(Task input begins)
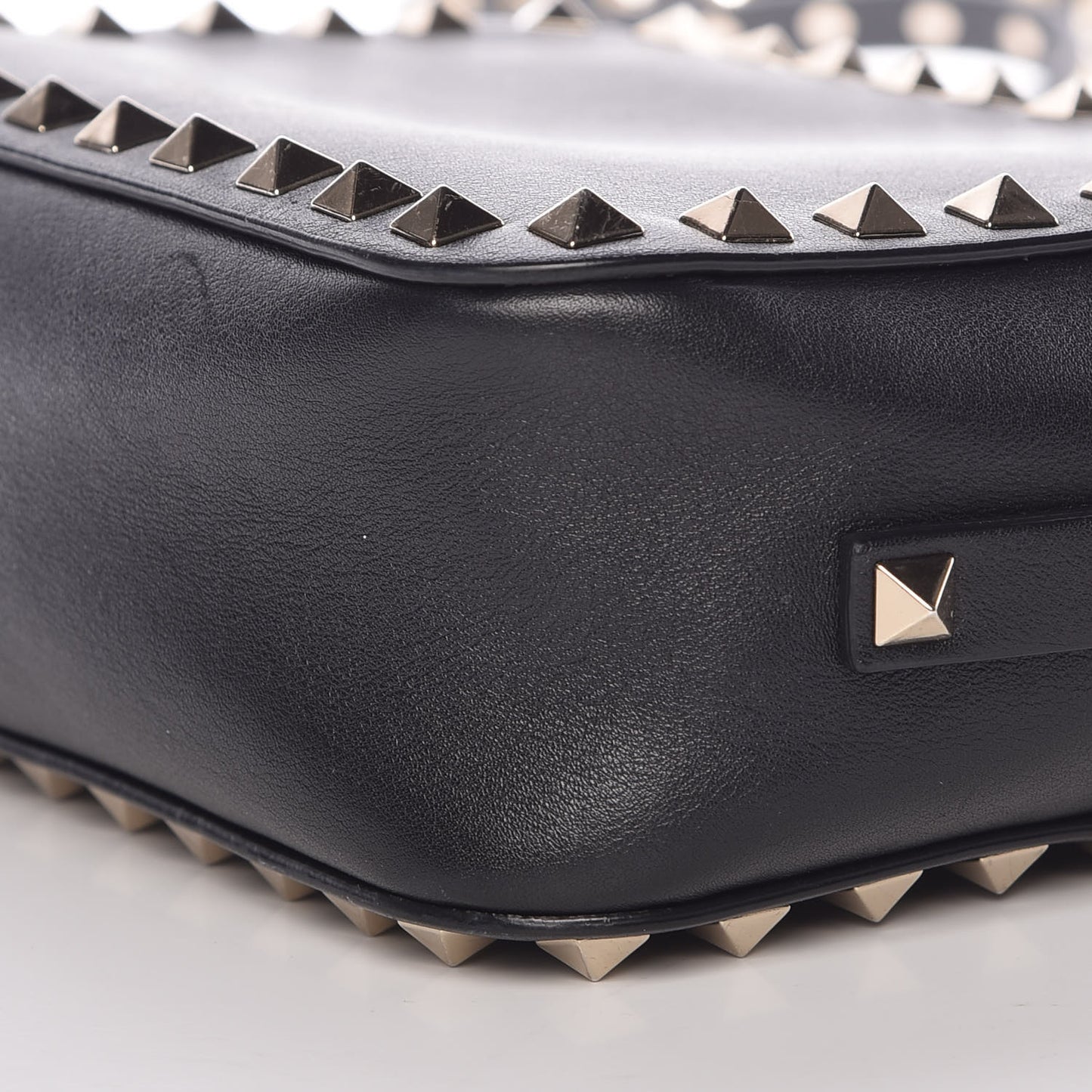Calfskin Rockstud Camera Crossbody Bag Black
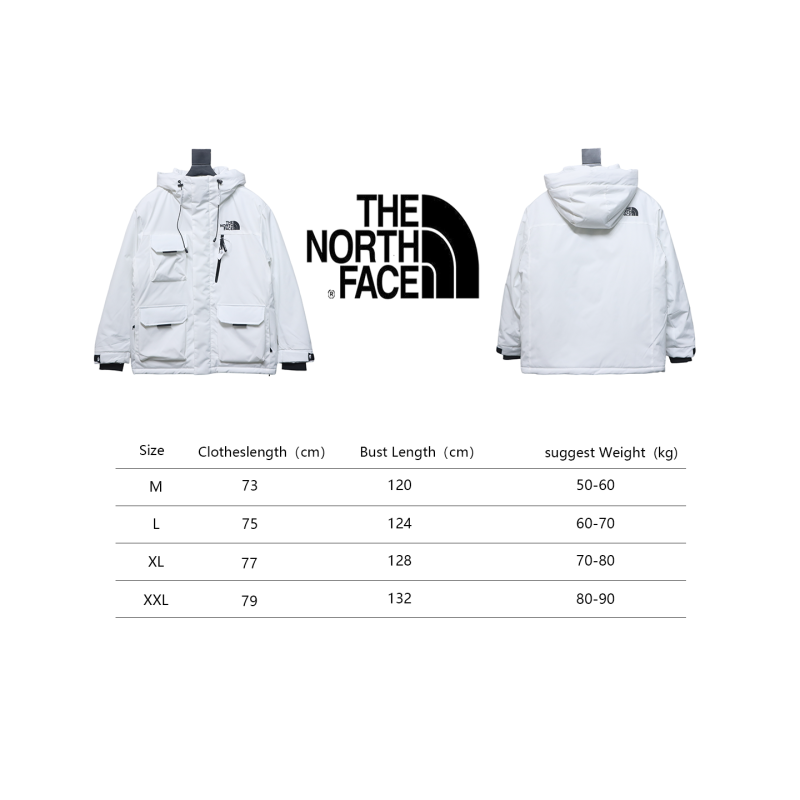EM Sneakers The North Face POLAR Waterproof and Windproof Workwear Multi-pocket Drawstring Hooded Down Jacket White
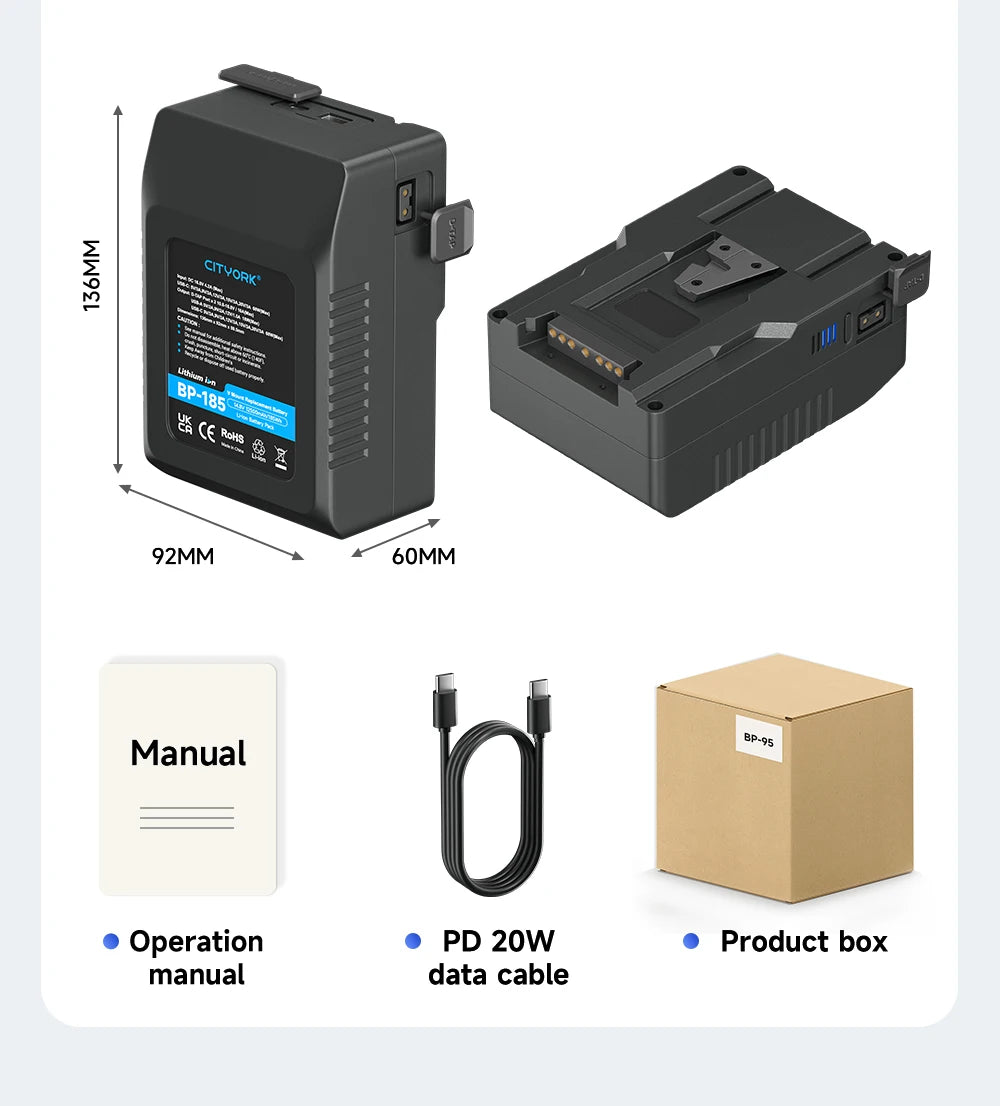 V Mount V-Lock BP185 95 V-Mount Battery BP 222 Battery with PD20W Cable for Sony Camcorder Broadcast Video Light Blackmagic URSA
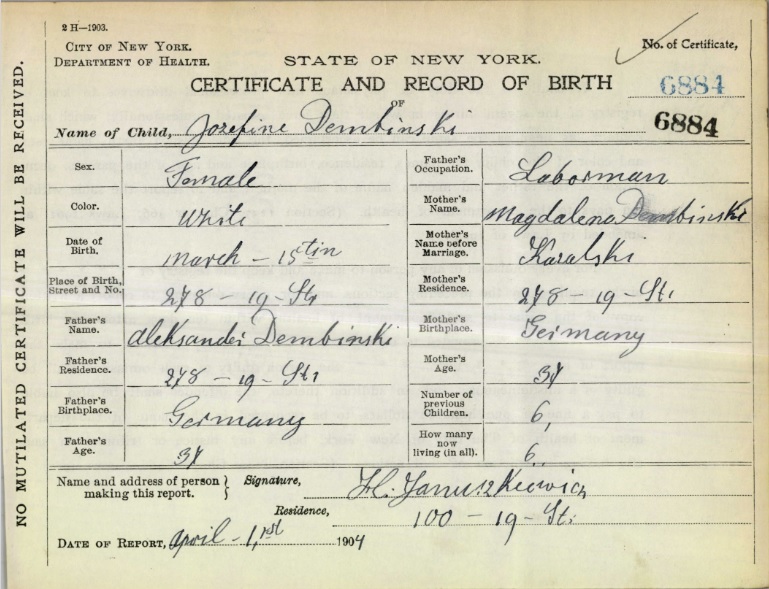 Josephine Dembinski Birth Certificate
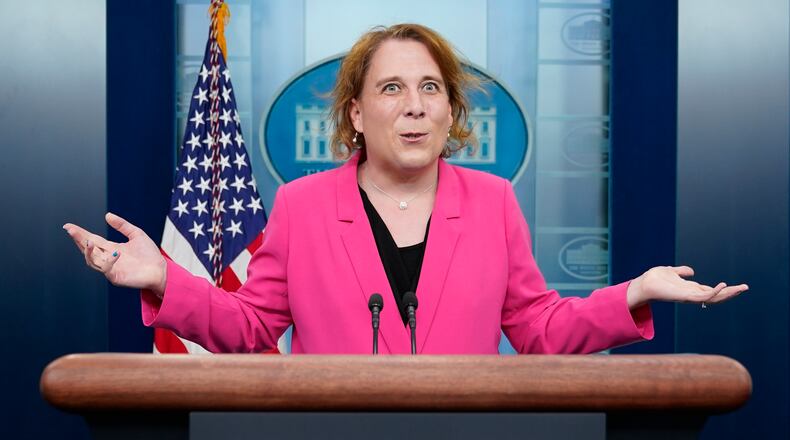 "Jeopardy!" champion Amy Schneider speaks with members of the press in the James S. Brady Press Briefing Room at the White House, Thursday, March 31, 2022, in Washington. Schneider was visiting the White House to participate in Transgender Day of Visibility. (AP Photo/Patrick Semansky)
(Task input ends)
→ Problem statement
Only an exact copy is needed: the lines from the opening of the listing through the line with "Josephine Dembinski Birth Certificate", both included, minus the pictures.

→ Response to this task
Calfskin Rockstud Camera Crossbody Bag Black
EM Sneakers The North Face POLAR Waterproof and Windproof Workwear Multi-pocket Drawstring Hooded Down Jacket White
 V Mount V-Lock BP185 95 V-Mount Battery BP 222 Battery with PD20W Cable for Sony Camcorder Broadcast Video Light Blackmagic URSA
 Josephine Dembinski Birth Certificate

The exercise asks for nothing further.